On her last day of school for the calendar year on December 21, as foretold by the Mayan prophecies, Nora was instructed to come to school wearing a white turtle neck and white tights only, because the little hybrid cafeteria-auditorium gets very hot during performances. Her class had little costumes which were made during the week of workshops, which consisted of a little paper crown and a cloth sack with head and arm holes. We were informed that the Tortugas (the nickname for Nora’s 3-year-old class) performance was going to be at 11:00 AM, and we were to get there by 10:50 in order to find a place in the cafeteria-auditorium to watch from.
As soon as I dropped her off at school that morning, I began hearing horror stories from more seasoned parents about how crowded and hot it gets in the auditorium, and how, although each parent is supposed to come in only for their child’s performance, there are always some grandmothers or aunts who go really early and stay through the whole show to avoid (or cause) the pushing and shoving that happens later. Yikes!
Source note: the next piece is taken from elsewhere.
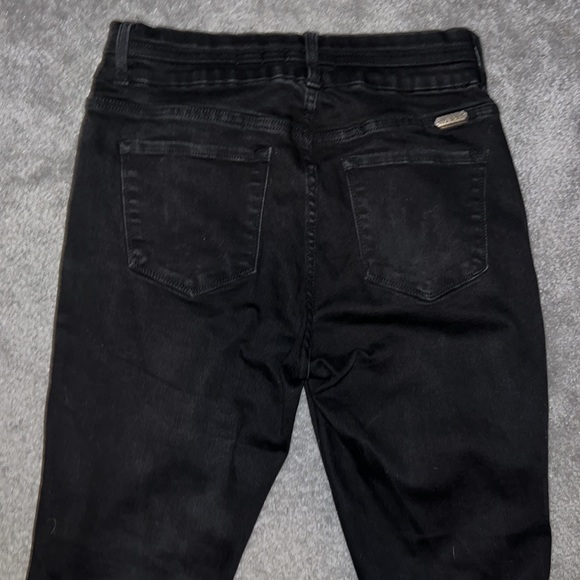 High Rise Skinny - Picture 2 of 4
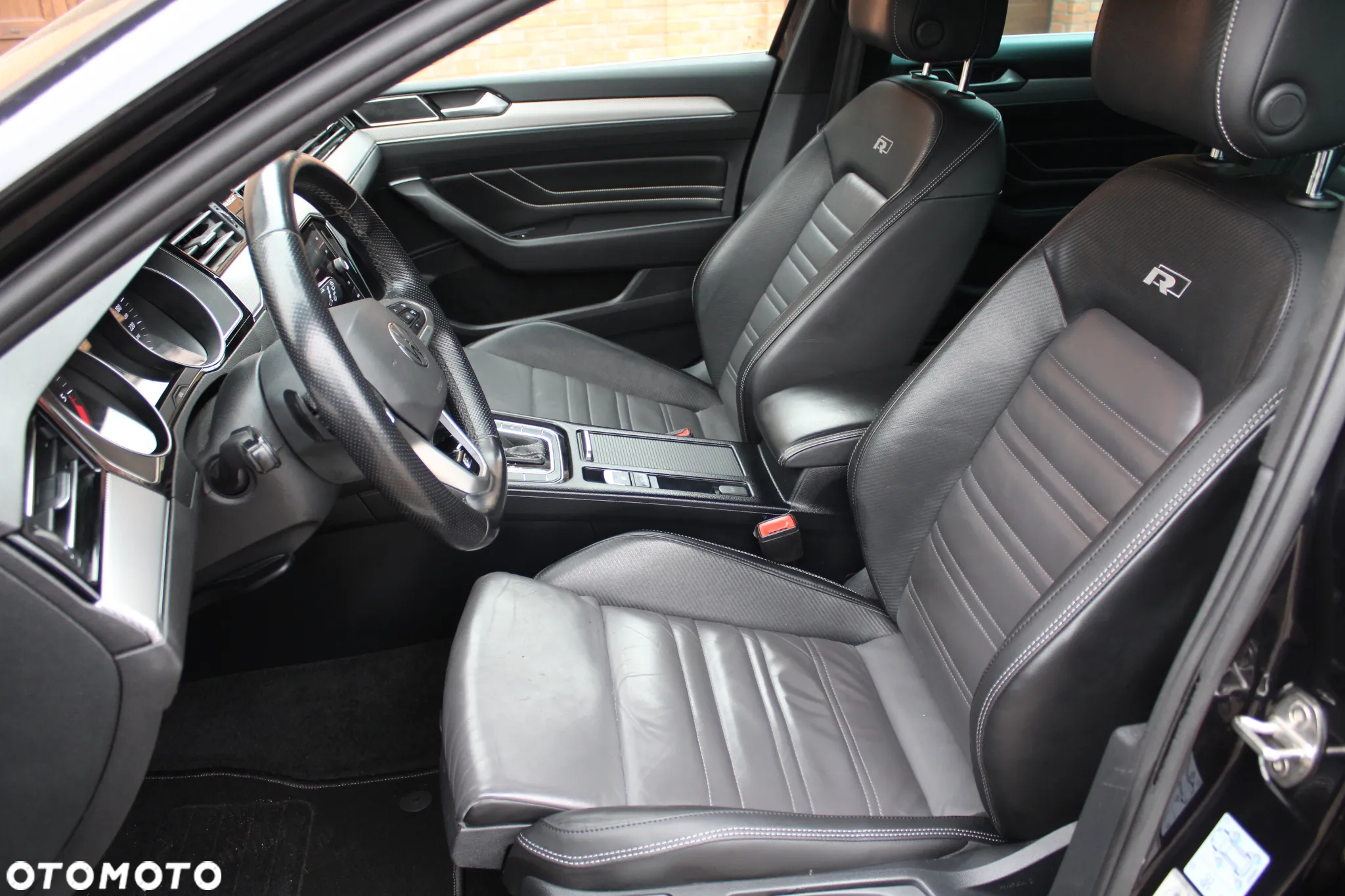 Volkswagen Passat Variant 2.0 TDI SCR DSG 4Motion Business - 13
I had some errands to run before the pushing and shoving with other parents began, so I walked to the only toy store in town to buy one small item which I’d decided to buy the day before. What did I find, but a swarm of pushing and shoving parents. It took me a whole hour standing in a very disorderly line watching as the store owner and employee (both parents of kids in Nora’s class) wrapped presents with the same finger blurring efficiency that had probably made all those plastic toys in a Chinese factory. With my present purchased, I raced home to grab my tripod, video camera and DSLR camera and walked the now familiar path to my daughter’s school.
The reports of chaos had not been exaggerated. When the previous kids finished their song, the auditorium exhaled a breath of parents before inhaling another. Apparently most of the room was full of all the other kids sitting on the floor or on little chairs. I was pressed tight against the back wall. I set up my tripod, but it quickly became apparent that, even extended to full two-meter height, it wasn’t going to get above the other tall parents holding their smart phones in the air. I felt sorry for the little mothers around me who could only see the concert digitally reflected through the mobile phones of those around them.
By the end of the performance, my arms were about ready to fall off. If you want to know what that’s like, press play and then hold both arms as high above you as possible for the duration of the video.
The kids had clearly been divided into “Those willing to dance” and “Those not willing to dance”. Of course I’m delighted that Nora was in the former. She has a lot of fun watching this video. They were instructed to not tell their parents what song they were singing, and she kept that promise.
At the end of the video, the other children chant “¡Tíº sí que vales!“, which means roughly “You are great!”